US Federal Reserve governor Frederic Mishkin’s departure alters the Fed balance of power. He was a noted “soft money” man and supporter of chairman Ben Bernanke.
Minutes of the Federal Open Market Committee’s (FOMC) 30 April meeting disclosed a revision in the Fed’s 2008 PCE (personal consumption expenditures) inflation forecast from the 2.1-2.4% forecast in January to 3.1-3.4%. Could these be the first signals of a policy reversal and a rate rise?
Mishkin, appointed in September 2006, had taken a two-year leave of absence from Columbia University; so, his decision to leave is not entirely surprising. Nevertheless, his policy position was sufficiently individual, so his departure is significant.
Mishkin was a strong proponent of cheaper money; in particular the recent rate reductions to fight the subprime mortgage crisis.
Mishkin claimed it was impossible for the Fed to deflate asset bubbles, rebutting a key position of hard money enthusiasts.

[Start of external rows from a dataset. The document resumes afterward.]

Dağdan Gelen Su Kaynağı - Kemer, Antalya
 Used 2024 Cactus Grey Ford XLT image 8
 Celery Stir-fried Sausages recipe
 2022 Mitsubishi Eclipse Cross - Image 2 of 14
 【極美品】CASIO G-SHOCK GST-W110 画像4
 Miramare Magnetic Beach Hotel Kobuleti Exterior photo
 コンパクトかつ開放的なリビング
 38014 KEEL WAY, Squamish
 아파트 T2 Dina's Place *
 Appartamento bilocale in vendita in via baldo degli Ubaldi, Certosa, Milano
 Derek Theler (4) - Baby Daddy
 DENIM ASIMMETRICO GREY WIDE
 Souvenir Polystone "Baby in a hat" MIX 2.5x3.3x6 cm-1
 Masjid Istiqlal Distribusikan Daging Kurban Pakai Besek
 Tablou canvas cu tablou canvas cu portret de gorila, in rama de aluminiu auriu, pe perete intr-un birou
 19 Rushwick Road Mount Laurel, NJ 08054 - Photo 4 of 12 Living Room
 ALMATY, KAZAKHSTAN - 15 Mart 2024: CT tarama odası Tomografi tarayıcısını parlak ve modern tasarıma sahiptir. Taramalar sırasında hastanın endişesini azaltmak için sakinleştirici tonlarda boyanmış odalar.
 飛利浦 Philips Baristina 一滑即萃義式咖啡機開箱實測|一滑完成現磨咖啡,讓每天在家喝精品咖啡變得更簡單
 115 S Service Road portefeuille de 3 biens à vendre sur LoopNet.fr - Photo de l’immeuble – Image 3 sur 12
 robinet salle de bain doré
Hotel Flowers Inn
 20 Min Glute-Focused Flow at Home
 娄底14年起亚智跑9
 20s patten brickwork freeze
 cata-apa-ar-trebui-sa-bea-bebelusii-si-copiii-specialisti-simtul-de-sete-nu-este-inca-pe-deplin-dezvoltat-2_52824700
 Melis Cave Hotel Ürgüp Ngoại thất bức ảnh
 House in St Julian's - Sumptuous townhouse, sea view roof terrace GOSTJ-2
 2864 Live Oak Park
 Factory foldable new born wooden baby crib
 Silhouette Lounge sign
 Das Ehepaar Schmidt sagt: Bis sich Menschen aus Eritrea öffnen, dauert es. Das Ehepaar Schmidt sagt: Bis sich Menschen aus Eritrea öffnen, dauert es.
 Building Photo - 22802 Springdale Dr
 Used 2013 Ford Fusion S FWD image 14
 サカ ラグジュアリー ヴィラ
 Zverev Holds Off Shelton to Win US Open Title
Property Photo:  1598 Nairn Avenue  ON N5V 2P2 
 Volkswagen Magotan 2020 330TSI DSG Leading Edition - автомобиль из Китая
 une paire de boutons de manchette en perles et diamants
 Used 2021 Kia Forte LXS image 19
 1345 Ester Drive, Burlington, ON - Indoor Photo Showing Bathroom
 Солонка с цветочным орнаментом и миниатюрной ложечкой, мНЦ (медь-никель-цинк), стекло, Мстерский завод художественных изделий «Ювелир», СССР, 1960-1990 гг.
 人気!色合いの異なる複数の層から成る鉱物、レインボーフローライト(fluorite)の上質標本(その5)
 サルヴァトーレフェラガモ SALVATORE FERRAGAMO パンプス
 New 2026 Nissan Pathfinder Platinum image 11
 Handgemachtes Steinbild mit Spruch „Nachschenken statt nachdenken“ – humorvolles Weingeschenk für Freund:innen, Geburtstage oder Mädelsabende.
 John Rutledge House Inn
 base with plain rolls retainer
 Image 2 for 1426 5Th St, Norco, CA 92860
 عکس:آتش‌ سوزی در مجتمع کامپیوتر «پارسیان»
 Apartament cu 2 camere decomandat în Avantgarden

If inflation will be above 3%, then a 2% funds rate cannot be sustained for long without pushing inflation up further.
At a minimum, Mishkin’s departure removes a barrier to a policy reversal on rates. It may even indicate that internal Fed discussions relating to such a reversal are under way.
One swallow does not make a summer; similarly one governor’s departure doesn’t herald a policy change. Yet, combined with the new interest rate forecast, it suggests that the FOMC meetings on 25 June and 5 August will be worth watching.